Although the plaintiffs claim a violation of their due process rights under both the federal and state constitutions, they have not provided a separate analysis of their state claim. We will therefore consider only the federal claim. State v. Mercer, 208 Conn. 52, 67 n.9, 544 A.2d 611 (1988); State v. Hall, 17 Conn. App. 502, 505 n.1, 554 A.2d 746 (1989).

The parties have not cited any of the cases that have held that the leasehold interests of government subsidized tenants do not require constitutional due process protection. See Ellis v. United States Department of Housing & Urban Development, 551 F.2d 13 (3d Cir. 1977); Grace Towers Tenants Assn. v. Grace Housing Development Fund Co., 538 F.2d 491 (2d Cir. 1976); Harlib v. Lynn, 511 F.2d 51 (7th Cir. 1975); Paulsen v. Coachlight Apartments Co., 507 F.2d 401 (6th Cir. 1974); Tenants’ Council of Tiber Island-Carrollsburg Square v. Lynn, 497 F.2d 648 (D.C. Cir. 1973), cert. denied, 419 U.S. 970, 95 S. Ct. 235, 42 L. Ed. 2d 186 (1974); McKinney v. Washington, 442 F.2d 726 (D.C. Cir. 1970); People’s Rights Organization v. Bethlehem Associates, 356 F. Sup. 407 (E.D. Pa. 1973), affd., 487 F.2d 1395 (3d Cir. 1973).

Although the plaintiffs are claiming that they have protected property interests in both continued residence and in retention of their incomes, because they received the relief requested enjoining their pending evictions until a proper income limit is set, the former interest is not an issue in this appeal.

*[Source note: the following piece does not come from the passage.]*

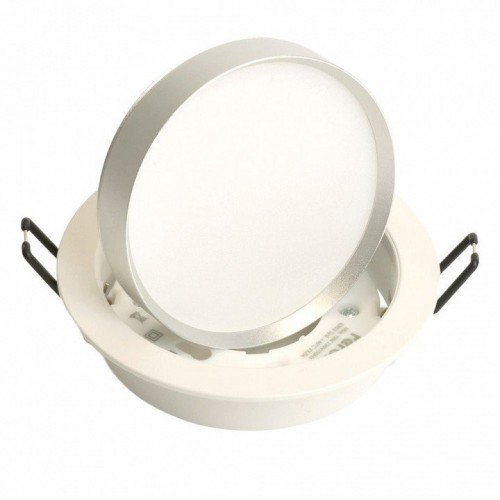 Светильник встраиваемый Feron DL507 потолочный GX53 белый + серебро круг 51353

An issue to be considered by the court in weighing the equities of this case would include the impact of a judgment for the plaintiffs on the authority’s ability to continue to provide moderate income housing. This issue involves consideration of the extent and propriety of the authority’s reserve accounts, the statutory prohibition against attaching the authority’s property; General Statutes § 8-65; the statutory requirement that the authority operate on a not for profit basis; General Statutes § 8-72; and whether any of these considerations could result in the authority’s either being unable to pay the judgment or passing any judgment costs on to the plaintiffs or any future tenants of the project in higher rent charges.

Although the plaintiffs claim that they are entitled to a calculation of amounts improperly paid from 1970 through 1976, we find that their complaint alleged improper action and requested a remedy only for action taken by the defendants from 1976 through 1986. Because the right of a plaintiff to recover is limited to the allegations in the complaint; Matthews v. E.M.C. Corporation, 190 Conn. 700, 705, 462 A.2d 376 (1983); Krattenstein v. Thomas, 7 Conn. App. 604, 610, 509 A.2d 1077 (1986); the plaintiffs in this case are not entitled to a calculation or recovery of money paid from 1970 to 1975. Even though the stipulation of facts as set out by the trial court relates to the prel976 actions of the defendants, “ ‘[fjacts found but not averred cannot be made the basis for a recovery.’ Malone v. Steinberg, 138 Conn. 718, 721, 89 A.2d 213 (1952).” Savin v. National Personnel Consultant, Inc., 4 Conn. App. 563, 567, 495 A.2d 1109 (1985).